Wynne-Ark., Inc. v. Richard Baughn Constr., 545 S.W.3d 771 (2017)

Dec. 13, 2017 · Court of Appeals of Arkansas, DIVISION IV · No. CV–17–184
545 S.W.3d 771

WYNNE-ARK., INC., d/b/a Kelley's Restaurant, Appellant
v.
RICHARD BAUGHN CONSTRUCTION, Appellee

No. CV-17-184

Court of Appeals of Arkansas, DIVISION IV.

Opinion Delivered: December 13, 2017

David A. Hodges, Little Rock, for appellant.

Barber Law Firm, PLLC, Little Rock, by: Michael J. Emerson, for appellee.

BART F. VIRDEN, Judge

This interlocutory appeal stems from the Cross County Circuit Court's decision to grant Richard Baughn Construction's (RBC) motion to compel discovery regarding a separate agreement between plaintiff Wynne-Ark. Inc., d/b/a Kelley's Restaurant (Kelley's) and a second defendant, Asphalt Producers, LLC (API). We reverse.

On June 2, 2014, Kelley's filed a complaint in the circuit court seeking damages against RBC, a subcontractor of API. In the complaint, Kelley's alleged damages arising from the defendants' negligent performance of a state highway construction contract. Kelley's asserted that during construction the entrance to the restaurant was unnecessarily blocked for a significant amount of time, which caused a loss of business income. Kelley's also claimed that the defendants failed to control the dust and debris in the course of work and that defendants damaged the entrance. API and RBC filed separate motions for summary judgment, which the circuit court denied.

On August 8, 2016, the circuit court ordered mediation. Both parties attended the mediation on September 20, 2016, and counsel for each party signed an agreement for mediation and a confidentiality agreement.

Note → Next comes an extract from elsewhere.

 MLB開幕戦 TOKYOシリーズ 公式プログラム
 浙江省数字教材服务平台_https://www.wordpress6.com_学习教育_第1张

On September 21, 2016, RBC filed an amended answer and cross-claim against API, seeking contribution and apportionment of fault among the parties found to be responsible for Kelley's damages, if any. On October 21, 2016, API responded *773that RBC had not stated facts or a legal basis for a claim, and the cross-claim should be dismissed. That motion was never ruled on by the circuit court. On November 23, 2016, Kelley's filed an objection to RBC's second set of interrogatories1 and a request for production of documents.

On December 2, 2016, RBC responded that Kelley's had recently reached a settlement agreement with API, and RBC was entitled to discovery of the document to ascertain "what factual allegations remain pending against RBC and what damages are attributable to same." RBC argued that it was entitled to information regarding fault and damages pursuant to apportionment of fault; thus, disclosure of the document was necessary for RBC to develop a defense.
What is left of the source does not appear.